Drugim argumentem makroekonomicznym, który może przemawiać na korzyść OFE jest fakt, że im więcej środków trafi do ZUS-u, tym większa część zobowiązań państwowych będzie sprzątnięta pod dywan. Redukcja składki płynącej do OFE czy ich likwidacja nie rozwiązuje problemów demograficznych, lecz powoduje jedynie księgową poprawę stanu finansów publicznych , oddalając widmo przekroczenia progów ostrożnościowych.
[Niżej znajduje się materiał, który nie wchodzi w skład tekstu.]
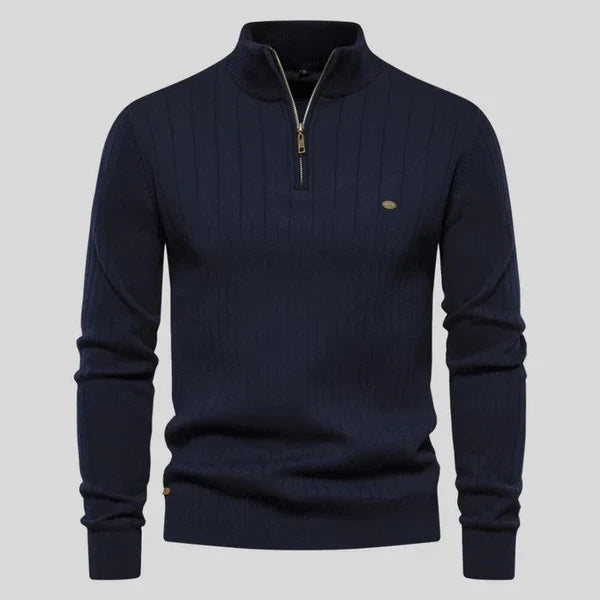 Herre Ribstrikket Sweater med Kvart Lynlås - Langærmet Pullover med Ståkrave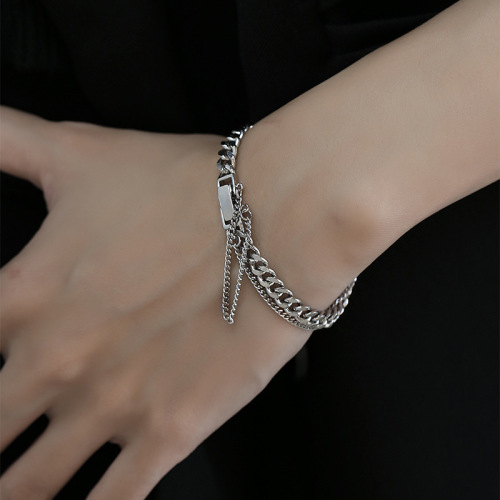 Hong Kong style cool chain bracelets for men and women ins hip-hop internet celebrities simple and cold style street Cuban chain jewelry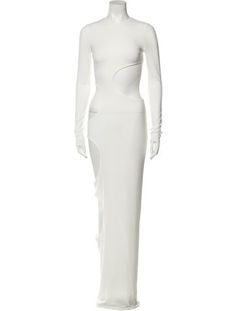 LaQuan Smith Evening GownWhiteCutout AccentLong Sleeve with Crew NeckButton Closure at BackFit:Dresses by LaQuan Smith typically fit true to size. White Fitted Full Length Maxi Dress, Fitted White Maxi Dress, White Fitted Full-length Dress, White Floor-length Maxi Dress With Side Slits, White Fitted Dress With Side Slits, Laquan Smith, Long Dress, Dress Outfits, Crew Neck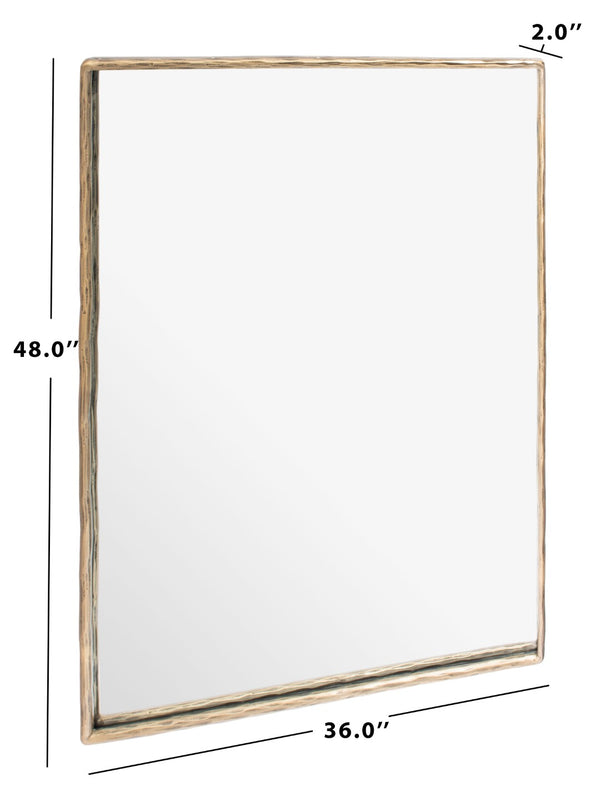 Safavieh JESSA Large Rectangle Metal Mirror in Polished Brass Finish - Stylish & Functional Home Accent Piece SFV9508A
Niejawny charakter długu zmniejsza zatem oficjalne zadłużenia i w konsekwencji presję na redukcję wydatków publicznych.

Argumenty prawne

Równie powszechnym argumentem przeciwko reformie (a więc za OFE) jest teza, że w jej wyniku rząd znacjonalizował część prywatnych aktywów obywateli (zob. np. ten artykuł). Jest to stwierdzenie fałszywe, ponieważ już w 2008 r. Sąd Najwyższy potwierdził, że zarówno pieniądze zgromadzone w ZUS-ie, jak i w OFE, nie stanowią prywatnej własności ubezpieczonych. Rację ma zatem obóz rządowy, argumentując, że nie da się znacjonalizować państwowej własności. Nacjonalizacją byłoby np. zabranie dobrowolnie wpłacanych pieniędzy zarządzanych przez całkowicie prywatne Towarzystwa Funduszy Inwestycyjnych (TFI), a nie środków przymusowo trafiających do OFE, które zarządzają nimi wyłącznie dzięki woli ustawodawcy wyrażonej w 1999 r. Warto może w tym kontekście przypomnieć, że clou tamtej reformy była zmiana systemu zdefiniowanego świadczenia na system zdefiniowanej składki. Podział składki — czy też może lepiej: renty monopolistycznej — pomiędzy określone instytucje był sprawą wtórną i zależał od arbitralnej decyzji państwa, które obecnie — w wyniku problemów budżetowych — postanowiło przestać się nią dzielić z (quasi)prywatnymi instytucjami.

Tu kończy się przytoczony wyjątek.